Die Chancen für die HOAI stehen nicht besonders gut. Nach den Regeln des EU-Rechts soll sich der Staat im Prinzip nicht in den Preiswettbewerb einmischen. Wenn er es im Einzelfall doch tut, dann braucht er dafür eine Rechtfertigung. Beweisen muss diesen Rechtfertigungsgrund der Staat, der die Preise regeln will. Es ist also nicht so, dass die EU nachweisen müsste, dass der HOAI-Mindestsatz rechtswidrig ist, sondern umgekehrt muss die Bundesrepublik nachweisen, dass es für das Mindestsatzgebot ein Erfordernis gibt. Gelingt dies nicht, ist die HOAI rechtswidrig.
Was passiert, wenn die HOAI kippt?
Wenn die Bundesrepublik das Vertragsverletzungsverfahren verliert, wird der EuGH in seinem Urteil eine Vorgabe formulieren, dass Deutschland die HOAI innerhalb einer bestimmten Frist anpassen muss. Dieses Urteil allein hätte also zunächst einmal keine direkten Auswirkungen auf das geltende Recht.
Anders wäre das aber, sobald im zweiten Verfahren (Vorabentscheidungsverfahren) ein Urteil vorliegt. Wenn in diesem Urteil die HOAI als EU-widrig eingestuft wird, würde das bedeuten, dass § 7 HOAI (der das Mindestsatzgebot enthält) nichtig, also unwirksam ist. Wenn eine Vorschrift aber nichtig ist, dann war das rechtlich gesprochen schon immer so - die Vorschrift hat dann quasi nie existiert (!).
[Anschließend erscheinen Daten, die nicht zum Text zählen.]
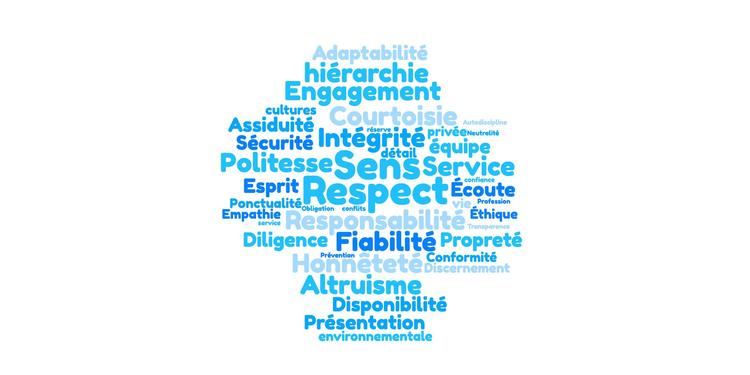 Éthique  et déontologie professionnelle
Das würde bedeuten, dass sämtliche Honorarabrechnungen, die sich auf den Mindestsatz gestützt haben, keine rechtliche Grundlage hatten.
Vertrauensschutz für laufende Projekte?
Es liegt auf der Hand, dass man dazu irgendeine zeitliche Grenze einziehen muss und nicht alle Projekte der letzten 40 Jahre in Frage stellen kann. Deshalb ist damit zu rechnen, dass der EuGH, falls er die HOAI im Vorabentscheidungsverfahren kippt, hierzu Regeln festlegt. Mit einiger Wahrscheinlichkeit wird die Entscheidung keine Auswirkung haben auf komplett abgeschlossene Sachverhalte; also auf Fälle, in denen schon Schlussrechnung gelegt und bezahlt wurde. Umgekehrt ist klar, dass die Entscheidung auf jeden Fall gelten wird für alle Projekte, die nach dem Urteil erst beginnen. Für die übrigen, derzeit laufenden Projekte, wird es vermutlich auf einen weitgehenden Vertrauensschutz von AG und AN hinauslaufen - aber wo die Grenze genau gezogen wird, falls die HOAI kippt, das ist die große Frage.
Fazit
Mit einiger Wahrscheinlichkeit wird im Sommer 2019 erhebliche Bewegung in die Praxis der HOAI kommen. Wenn die Bundesrepublik den Fall verliert, wird sie entscheiden müssen, wie sie die HOAI für die Zukunft anpasst. In diesem Fall wird die HOAI sicherlich nicht komplett verschwinden; aber ihr Kern, nämlich der zwingende Mindestsatz, wird dann wohl keinen Bestand mehr haben. Das wird erhebliche Auswirkungen auf die Gestaltung künftiger Planerverträge haben. Und falls die HOAI kippt, wird in vielen laufenden Projekten zu klären sein, welche Auswirkungen dies auf die Honorarvereinbarungen und -abrechnungen hat.